Many years ago, I agreed to act for an elder of the Celestial Church of Christ, a religious order based in Nigeria. A member of his congregation had asked him to be a “character reference” on a bank loan. It turned out to be a guarantee on a sub-prime mortgage. To make a long story short, my client ended up on the hook for an amount equivalent to twice his annual gross family income, and he had an aggressive creditor after the mortgage company sold the debt on. By the time he arrived in my office, the congregant had defaulted, the mortgaged property sold at a deficit, and my client’s own family home was in jeopardy.
After hours combing through the paper, I did notice that the plaintiff’s list of productions did not include a notice of assignment of the debt. I asked for it. I received the response from the plaintiff’s lawyer that there was no such document. That was the divine intervention, my Deus ex machina.
Eventually I settled the case for zero liability, based on a plea that the assignment was void for lack of notice under s. 53 of the Conveyancing and Law of Property Act, meaning the assignee had no rights against the guarantor. The transaction could not be redone to cure the irregularity, because the assignee did not afford my client an opportunity to take part in the sale that left the deficit. As a technical defence, it was very strong. But courts are also skeptical about technical defences. I persuaded the lawyer for the new creditor that his client should really have been targeting the assignor. I advised counsel for the plaintiff that I could agree to a dismissal without costs, because I was acting for the defendant pro bono.
When I closed the file, I met with my client. His demeanor suggested he had no idea how much effort went into reviewing the case and the law, in order to come up with the technical defence and save his family from losing their home. What I mistook for lack of gratitude, as I quickly found, was in fact greater than gratitude: it was his faith in me as his lawyer that was never in doubt.
“You have been very serene about the law suit,” I said to him. “You have no idea how difficult the defence was to carry off.”
“I never doubted this would be the way it would end,” was his answer. You know how that is. A stack of memos in my file confirming my advice to him that his defence was not going to be easy; and yet he ignored all the warnings. “I always knew God would provide,” he concluded.
“I’m not sure God had much to do with it,” I replied.
“That is where you’re wrong, Mr. Akazaki,” he insisted. “God provided you.”
The reason for my recollection of this conversation with my client – an exchange I will never forget – was a podcast I listened to during a recent morning run, about Russel, Wittgenstein and Valéry, about the logic of belief. One of the strategies behind faith is to off-load the burden of doubt on non-believers. In this regard, believers have already won Pascal’s wager here on Earth.

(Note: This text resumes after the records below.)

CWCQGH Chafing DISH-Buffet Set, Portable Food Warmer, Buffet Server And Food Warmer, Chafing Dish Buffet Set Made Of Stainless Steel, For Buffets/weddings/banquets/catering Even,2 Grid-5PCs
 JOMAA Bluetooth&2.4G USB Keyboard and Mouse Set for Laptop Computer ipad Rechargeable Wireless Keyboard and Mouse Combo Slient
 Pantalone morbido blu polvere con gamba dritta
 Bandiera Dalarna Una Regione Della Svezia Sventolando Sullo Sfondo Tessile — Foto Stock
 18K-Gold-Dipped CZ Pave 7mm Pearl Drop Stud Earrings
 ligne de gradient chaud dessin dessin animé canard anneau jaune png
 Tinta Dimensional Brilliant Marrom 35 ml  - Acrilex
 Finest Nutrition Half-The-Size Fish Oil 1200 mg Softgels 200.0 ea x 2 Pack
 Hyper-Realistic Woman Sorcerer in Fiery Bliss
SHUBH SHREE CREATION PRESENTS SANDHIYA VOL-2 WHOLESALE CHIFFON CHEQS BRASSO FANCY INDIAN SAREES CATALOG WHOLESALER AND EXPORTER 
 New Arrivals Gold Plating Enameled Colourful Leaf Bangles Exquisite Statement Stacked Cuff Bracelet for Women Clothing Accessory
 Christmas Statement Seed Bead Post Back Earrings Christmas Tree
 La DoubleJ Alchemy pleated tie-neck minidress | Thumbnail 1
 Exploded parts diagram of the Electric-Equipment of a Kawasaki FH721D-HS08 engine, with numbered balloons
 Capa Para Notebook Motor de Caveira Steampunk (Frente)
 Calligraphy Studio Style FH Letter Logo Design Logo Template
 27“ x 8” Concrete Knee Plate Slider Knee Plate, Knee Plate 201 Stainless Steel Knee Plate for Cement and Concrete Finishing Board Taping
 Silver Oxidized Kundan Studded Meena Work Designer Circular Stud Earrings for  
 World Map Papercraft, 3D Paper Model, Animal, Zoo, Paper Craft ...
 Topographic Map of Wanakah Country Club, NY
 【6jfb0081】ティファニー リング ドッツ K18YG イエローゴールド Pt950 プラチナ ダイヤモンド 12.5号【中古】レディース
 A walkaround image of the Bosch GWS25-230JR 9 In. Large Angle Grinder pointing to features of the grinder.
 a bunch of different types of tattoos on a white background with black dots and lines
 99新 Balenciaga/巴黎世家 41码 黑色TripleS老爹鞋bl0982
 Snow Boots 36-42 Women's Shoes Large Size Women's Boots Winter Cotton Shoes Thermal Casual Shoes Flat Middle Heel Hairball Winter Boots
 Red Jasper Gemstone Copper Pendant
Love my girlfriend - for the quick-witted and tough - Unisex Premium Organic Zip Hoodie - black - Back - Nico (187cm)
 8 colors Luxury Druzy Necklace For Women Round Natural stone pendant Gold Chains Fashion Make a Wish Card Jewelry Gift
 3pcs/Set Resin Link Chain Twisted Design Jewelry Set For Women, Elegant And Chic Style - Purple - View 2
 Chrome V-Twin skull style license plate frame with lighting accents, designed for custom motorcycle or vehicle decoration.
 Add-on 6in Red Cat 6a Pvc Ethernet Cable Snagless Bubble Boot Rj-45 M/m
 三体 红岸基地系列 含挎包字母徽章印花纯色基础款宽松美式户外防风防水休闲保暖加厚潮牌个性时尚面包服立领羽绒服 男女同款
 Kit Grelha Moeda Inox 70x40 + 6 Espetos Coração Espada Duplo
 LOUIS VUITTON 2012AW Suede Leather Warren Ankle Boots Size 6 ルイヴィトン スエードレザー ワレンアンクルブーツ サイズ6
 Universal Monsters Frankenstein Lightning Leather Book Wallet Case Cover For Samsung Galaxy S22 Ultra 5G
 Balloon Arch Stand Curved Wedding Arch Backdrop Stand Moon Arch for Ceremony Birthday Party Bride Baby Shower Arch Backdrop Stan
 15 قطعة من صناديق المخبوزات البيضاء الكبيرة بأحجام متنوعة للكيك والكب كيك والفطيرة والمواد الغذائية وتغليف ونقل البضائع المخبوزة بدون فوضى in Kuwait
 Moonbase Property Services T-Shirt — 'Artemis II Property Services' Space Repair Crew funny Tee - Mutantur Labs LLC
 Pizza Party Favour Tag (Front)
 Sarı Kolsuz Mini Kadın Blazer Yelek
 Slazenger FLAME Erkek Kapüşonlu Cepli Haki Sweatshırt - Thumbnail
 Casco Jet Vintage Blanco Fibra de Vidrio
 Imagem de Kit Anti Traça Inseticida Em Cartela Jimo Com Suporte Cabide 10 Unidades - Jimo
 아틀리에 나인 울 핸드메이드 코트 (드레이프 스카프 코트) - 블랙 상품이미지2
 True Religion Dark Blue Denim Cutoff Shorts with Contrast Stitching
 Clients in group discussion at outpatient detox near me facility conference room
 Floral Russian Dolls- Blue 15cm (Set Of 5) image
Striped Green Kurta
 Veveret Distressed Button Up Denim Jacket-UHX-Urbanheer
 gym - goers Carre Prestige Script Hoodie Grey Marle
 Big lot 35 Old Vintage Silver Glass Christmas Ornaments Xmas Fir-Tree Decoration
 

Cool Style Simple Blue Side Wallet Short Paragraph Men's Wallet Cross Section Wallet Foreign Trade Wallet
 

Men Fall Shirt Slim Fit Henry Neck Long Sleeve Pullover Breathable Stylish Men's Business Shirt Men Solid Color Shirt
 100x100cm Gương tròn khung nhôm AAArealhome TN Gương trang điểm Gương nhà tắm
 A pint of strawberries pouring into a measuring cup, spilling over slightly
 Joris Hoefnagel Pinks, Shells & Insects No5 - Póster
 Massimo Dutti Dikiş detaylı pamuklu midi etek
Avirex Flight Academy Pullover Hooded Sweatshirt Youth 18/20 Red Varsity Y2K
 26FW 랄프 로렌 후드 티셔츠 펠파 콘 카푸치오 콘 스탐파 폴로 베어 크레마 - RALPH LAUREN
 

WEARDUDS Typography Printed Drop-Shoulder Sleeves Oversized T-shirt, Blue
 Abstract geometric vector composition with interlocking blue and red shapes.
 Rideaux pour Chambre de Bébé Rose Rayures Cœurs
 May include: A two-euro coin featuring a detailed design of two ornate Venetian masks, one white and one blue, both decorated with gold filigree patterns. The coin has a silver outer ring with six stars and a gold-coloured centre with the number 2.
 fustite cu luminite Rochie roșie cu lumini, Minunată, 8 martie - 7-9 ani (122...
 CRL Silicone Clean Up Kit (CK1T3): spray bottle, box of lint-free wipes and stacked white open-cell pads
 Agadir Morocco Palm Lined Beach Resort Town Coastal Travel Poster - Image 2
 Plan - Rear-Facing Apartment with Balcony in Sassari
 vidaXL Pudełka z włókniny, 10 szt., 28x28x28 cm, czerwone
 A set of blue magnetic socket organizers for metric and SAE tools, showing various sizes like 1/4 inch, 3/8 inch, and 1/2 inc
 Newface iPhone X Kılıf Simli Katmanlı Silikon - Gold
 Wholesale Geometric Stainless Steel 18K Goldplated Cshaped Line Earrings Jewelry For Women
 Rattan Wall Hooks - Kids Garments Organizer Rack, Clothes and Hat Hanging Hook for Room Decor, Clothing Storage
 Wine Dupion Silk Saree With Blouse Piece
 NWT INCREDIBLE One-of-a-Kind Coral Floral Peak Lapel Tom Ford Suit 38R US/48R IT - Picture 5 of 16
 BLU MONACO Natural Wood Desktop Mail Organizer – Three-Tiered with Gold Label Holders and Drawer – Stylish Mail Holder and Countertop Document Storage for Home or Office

Any hard-nosed civil litigator, trained to manage doubt, can be humbled by a client driven by this level of religious certainty. Law is a skeptical discipline, and our conservative empiricism is an acquired skill. We have even finally rid ourselves of res ipsa loquitur, at least in the Supreme Court of Canada and most lower courts: Fontaine v. British Columbia (Official Administrator), at paras. 26-27, one of the last vestiges of Aristotelian mind over matter. My client from the Celestial Church was an extreme example of a morality play that takes place every day in lawyers’ offices across Canada. Despite the low regard many members of the public have for lawyers, clients, in overwhelming numbers, regard their lawyers very highly. In some part, this high regard is an act of faith. This can be a burden, because in any litigious matter the other lawyer can very well help the adversary to gain the upper hand. Most crusades have the might of right on each side – the faith of at least one of them must be wrong.
Is belief in law logical? Yes, but not very. The force that belief has in determining the course and outcome of a legal brief should, however, never be discounted.